Page 158 - Seribu Alasan untuk Mati Hari Ini dan Kumpulan Cerpen
P. 158
Satu persatu para mahasiswa berjalan melewatiku,
beberapa tampak tersenyum dan kubalas dengan
anggukan kepala. Lalu entah kenapa, di tengah-tengah
mereka, ada dia, yang berdiri tegap, memandangiku.
Setelah berangsur sepi, dia berjalan menghampiriku.
“Rasanya, saya dituntun oleh cahaya bulan untuk datang
ke sini menemui kamu,” katanya sambil tersenyum.
Laki-laki yang bernama Karlos, telah berusaha mendekati
aku selama dua minggu terakhir. Dia bekerja di sebuah
kantor biro iklan tepat di samping kampus ini. Kami berdua
saling diperkenalkan oleh sahabatku Jeni yang juga
sahabatnya.
“Bulannya ada di sini,” balasku sambil merapikan buku-
buku yang aku bawa ke dalam tasku.
Dia tampak kebingungan dengan perkataanku.

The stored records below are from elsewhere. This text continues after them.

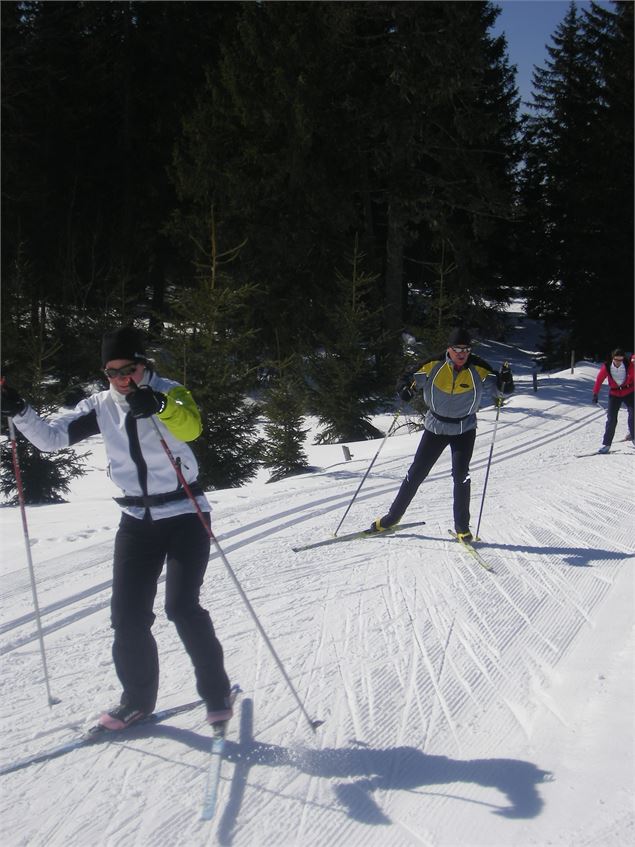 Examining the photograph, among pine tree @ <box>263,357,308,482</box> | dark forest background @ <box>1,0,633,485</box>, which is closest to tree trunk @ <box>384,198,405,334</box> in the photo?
dark forest background @ <box>1,0,633,485</box>

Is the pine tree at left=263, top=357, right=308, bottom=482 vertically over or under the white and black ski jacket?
under

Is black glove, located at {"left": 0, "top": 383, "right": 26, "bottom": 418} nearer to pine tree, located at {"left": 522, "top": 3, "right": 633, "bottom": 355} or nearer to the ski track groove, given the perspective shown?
the ski track groove

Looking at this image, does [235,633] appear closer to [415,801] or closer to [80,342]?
[415,801]

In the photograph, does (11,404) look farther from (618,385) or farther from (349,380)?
(349,380)

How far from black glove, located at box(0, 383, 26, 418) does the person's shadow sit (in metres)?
1.79

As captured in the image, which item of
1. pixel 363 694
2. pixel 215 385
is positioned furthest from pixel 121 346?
pixel 215 385

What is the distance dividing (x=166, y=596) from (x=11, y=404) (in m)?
1.21

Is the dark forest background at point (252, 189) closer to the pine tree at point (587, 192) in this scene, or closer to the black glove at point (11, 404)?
the pine tree at point (587, 192)

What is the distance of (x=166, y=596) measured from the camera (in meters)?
3.56

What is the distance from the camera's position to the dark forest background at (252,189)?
56.1ft

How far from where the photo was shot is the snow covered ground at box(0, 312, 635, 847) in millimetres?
3033

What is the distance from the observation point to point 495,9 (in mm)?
29859

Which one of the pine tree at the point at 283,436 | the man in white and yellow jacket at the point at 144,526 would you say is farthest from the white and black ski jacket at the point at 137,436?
the pine tree at the point at 283,436

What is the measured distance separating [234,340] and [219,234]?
31.3 feet
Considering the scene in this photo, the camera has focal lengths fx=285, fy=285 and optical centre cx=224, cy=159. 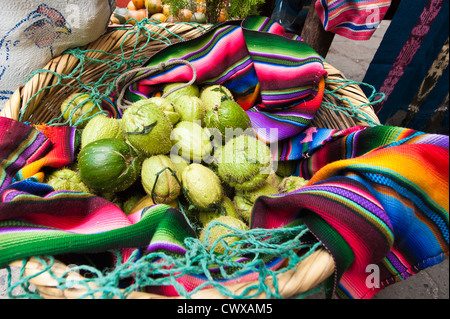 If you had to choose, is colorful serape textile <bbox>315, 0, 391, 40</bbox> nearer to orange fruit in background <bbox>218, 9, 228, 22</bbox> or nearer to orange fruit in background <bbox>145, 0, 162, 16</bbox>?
orange fruit in background <bbox>218, 9, 228, 22</bbox>

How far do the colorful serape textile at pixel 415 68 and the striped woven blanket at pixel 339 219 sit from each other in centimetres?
151

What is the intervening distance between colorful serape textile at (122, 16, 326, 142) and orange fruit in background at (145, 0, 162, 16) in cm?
209

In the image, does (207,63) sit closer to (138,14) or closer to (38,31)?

“Bulan yang mana?” dia bertanya keheranan.
“Muka kamu yang kayak bulan, bolong bekas jerawat,”
jawabku dengan gelak tawa.
Tiga-empat detik kemudian, baru dia ikut tergelak tawa.
“Mentang-mentang kamu cantik,” godanya.
“Setiap perempuan harus cantik, dong,” balasku.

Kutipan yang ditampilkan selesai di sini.